Well in the context of Carrol's question my answer was analytical, and about language. I was not referring to any particular label, name or concept, just pointing out that behind some of Bateson's thought was the quasi-Kantian notion that we should not reduce the phenomena we are analyzing to the label, name, or concept. The label is not identical to the phenomena being labeled. This maybe an incomplete statement but I think it is basically correct.

Also the slogan on the banner might be wrong, even if the movement is somehow something that you support, in one way or another. Even the banner, or the slogan on the banner, may be a more or less good map for where the movement is trying to go. And to extend the metaphor ridiculously, even the slogan that points the way as a map, is not the territory that we cross to reach the goal, but it is hopefully a signpost that points us in the direction of the goal. ( No matter what you think of Lenin and Trotsky there ideas of how to use slogans seems to have been something along this lines. A slogan that doesn't lead anywhere, (increase of class solidarity, transition to socialist consciousness) was a slogan that they thought was deficient. In a certain sense and to a certain extent, putting aside the idea of analytical arguments, the same thing can be said of labels.
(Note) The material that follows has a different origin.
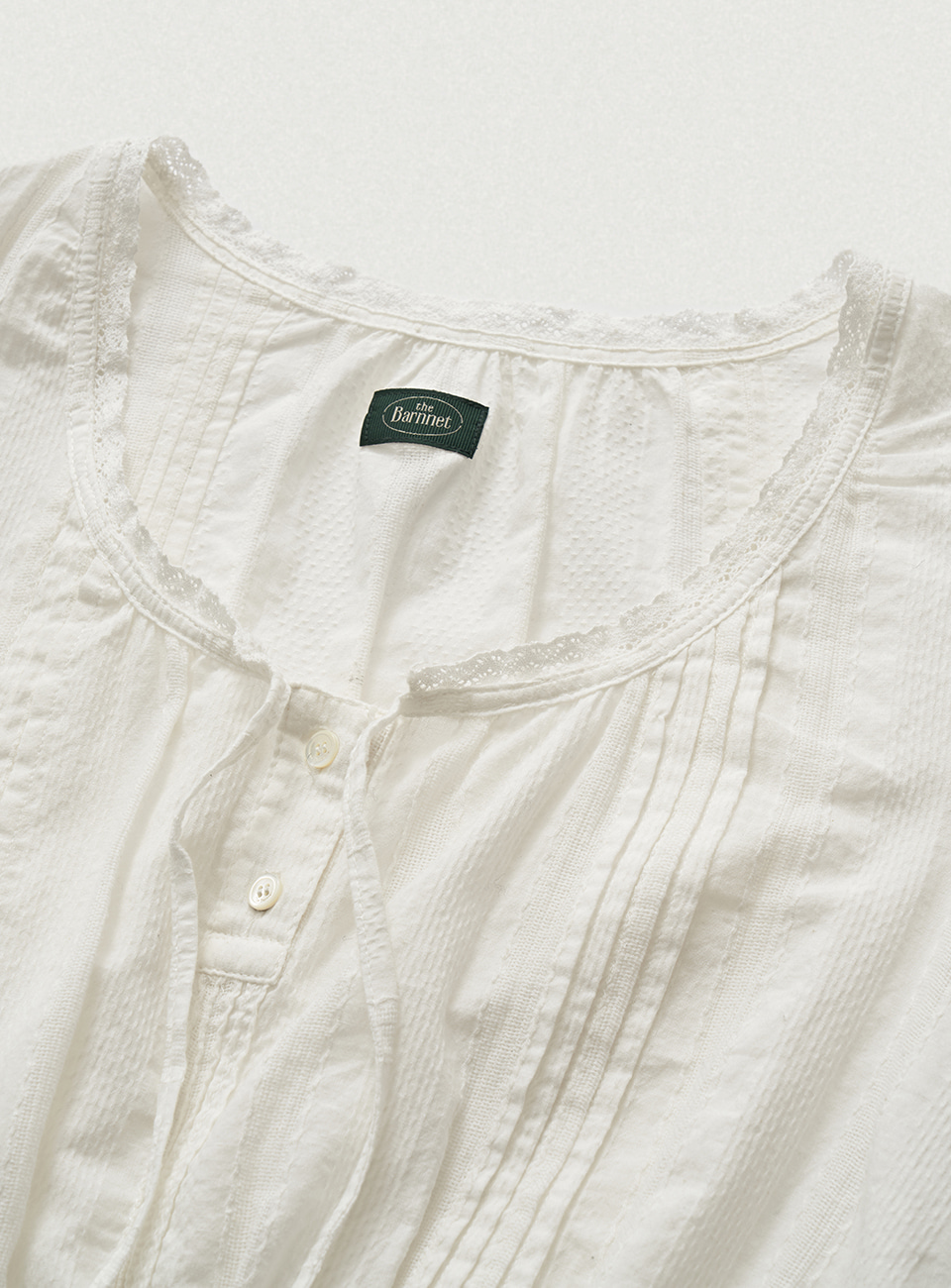 White Sud Pleatib Blouse | ファッション通販サイト NUGU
Of course in the world of political struggle there is no clear separation between the analytical and the political, no clear distinction between maps and banners. (Perhaps only in certain areas of mathematics and physics can this distinction be maintained for a limited time. Even then, such notions as the Copenhagen Interpretation of QM were used as banners within the theory. And yet at some times you will just do analysis and at others you will make banners. It is sometimes hard to do them both at once. But I have always found hard to chew gum and walk at the same time, so this, maybe, is my own peculiar disability.)
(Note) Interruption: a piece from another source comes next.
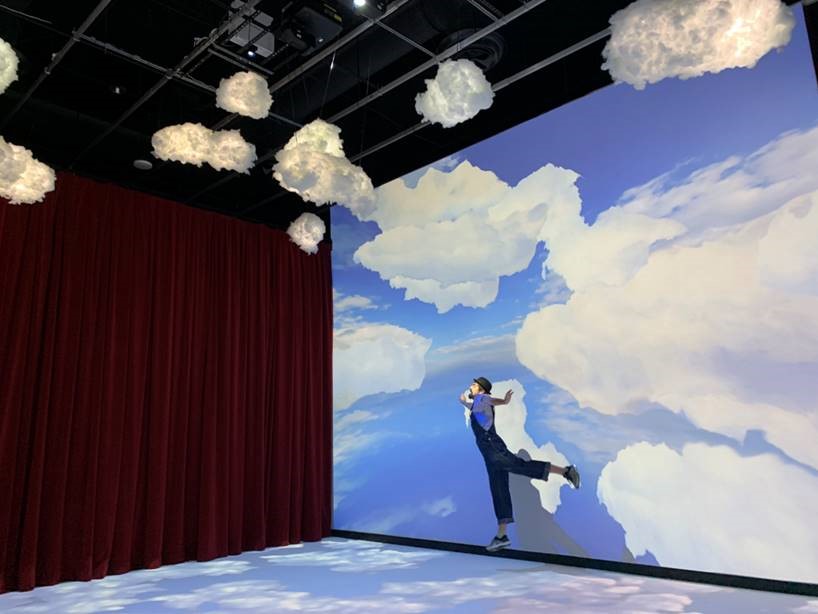Magritte & Dali Exhibition, Immersive Cloud Room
> > In the context of "El Sur", which I was not thinking about when I was
> > replying to Carrol, it is important to remind ourselves that what ever
> > we name "El Sur", or "third world" countries, or "developing
> > countries" that the name itself usually comes out of a set of
> > assumptions, implicit or explicit, that we should unpack, in order not
> > to take the assumptions for granted (or even to accept the
> > assumptions) and in order not to put all of the countries in "one
> > basket" for every type of analysis or argument.
>
> It's not for us to name. It's for Hugo Chavez, et al. to name. For
> it is their political project.
> --

Perhaps I was too general in my use of the pronoun "we", in which case I am to be faulted on that ground of ambiguity. But the "we" in this case was simply the "we" who use the label, name, or concept, no matter where the label name, or concept originates.

We all use names. Therefore when ever "we) use names, (whom ever the pronoun "we" designates in any particular circumstance) it is good to know the implications, and assumptions of the labels, names, concepts we are using. You may say it is not for us to label or name, but some of us will still use the label or name, when ever it is used, and therefore we will still be stuck with the map/territory distinction, no matter if the name is a banner to rally around or a concept for analysis.

So here is another point. The assumptions behind a concept for analysis may be the same or different than the label used for a "banner" to rally around. What is good for a slogan might not always be good for analysis. What is good for banner should be good for at least a sign post, but might not be a good map. In any of these cases we should still unpack the distinctions between slogan and concept and realize when these notions are the same and when they should be different, and what are the assumptions and premises, in all cases. This to the best of our collective abilities. And we shouldn't confuse the label for the movement for the movement itself, the map for the territory.

Further, it is possible to support a movement without agreeing with all of the banners or slogans, or even that the names used by the movement are the best. Or in a different case, it is even possible to think that the labels used for the movement are the best without thinking that those labels are the most useful concepts for doing analysis.